We consider the language of section 67f so mandatory and imperative that we arrive at the conclusion that the ruling of the court below must be sustained.

The other question is as to the allowance of a reasonable compensation to the attorneys who represented the attaching creditors, and whose proceedings produced the fund which now is to pass to the trustee of the bankrupt. The attaching creditors, in good faith, and in a justifiable exercise of the right given to them by the Virginia law, employed counsel to institute proceedings to seize the property which the bankrupt, as it now appears, had sold. By virtue of that seizure, and solely by virtue of it, and to the extent of the seizure, the proceeds of those proceedings now pass to the trustee. The equity of the claim for compensation to be paid out of the fund is very strong. It is clearly a case in which, by an appropriation which the bankrupt law makes of a fund which came into existence and was preserved by the legal proceedings instituted by the attaching creditors, all the common creditors, without distinction, are benefited. The fund which otherwise the attaching creditors would have secured for their own benefit the bankrupt law says shall be shared equally among all the creditors.
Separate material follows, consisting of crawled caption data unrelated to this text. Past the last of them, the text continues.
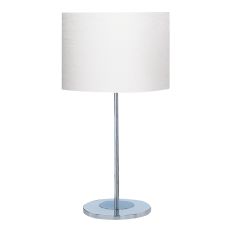 Drum Table Lamp (Single) - Chrome Base, Ivory Drum Shade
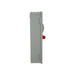 Side view of a gray metal Eaton DG224NRK 200AMP Disconnect Switch (Fusible) with hinges and a red handle, from Solartek. Designed for outdoor use, this vertically oriented unit stands out against a white background.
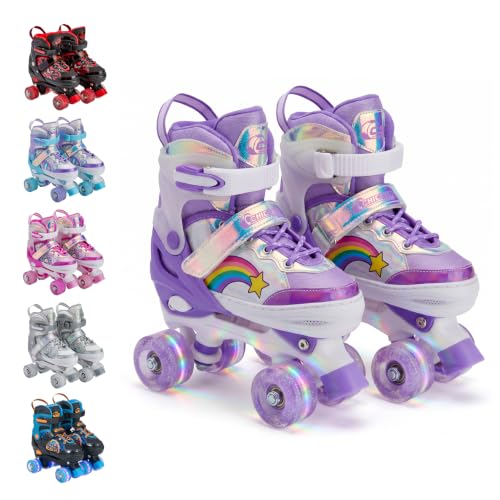 Image of Chicago Skates Glitzy Kids Roller Skates Rainbow- Adjustable Roller Skates Girls Boys, Light-Up Wheels, Durable Beginner Quad Skates, Front Stopper, Comfortable, Smooth Rolling, Indoor Outdoor,Age 3+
The fund was brought into existence by the exertions of the attaching creditors, and should be considered as in the same class as a fund arising under a creditors’ bill, because the bankrupt act declares it shall be so treated. The fund comes into the hands of the trustee of the bankrupt burdened with the charges which were necessarily incurred to bring it into existence. It would appear eminently proper in such a case that the bankruptcy court should, in its discretion, allow such reasonable counsel fees and expenses as were necessarily incurred in the prosecution of the suits. Trustees v. Greenough, 105 U. S. 527-534, 26 L. Ed. 1157.

The court below carefully considered the amounts proper to be allowed, and, with all the facts before it, fixed the allowances. We do not find that injustice has been done either to the counsel of the attaching creditors or to the estate of the bankrupt by the amounts allowed by the District Court, and we approve the allowances as fair and just.

The orders of the court below are affirmed.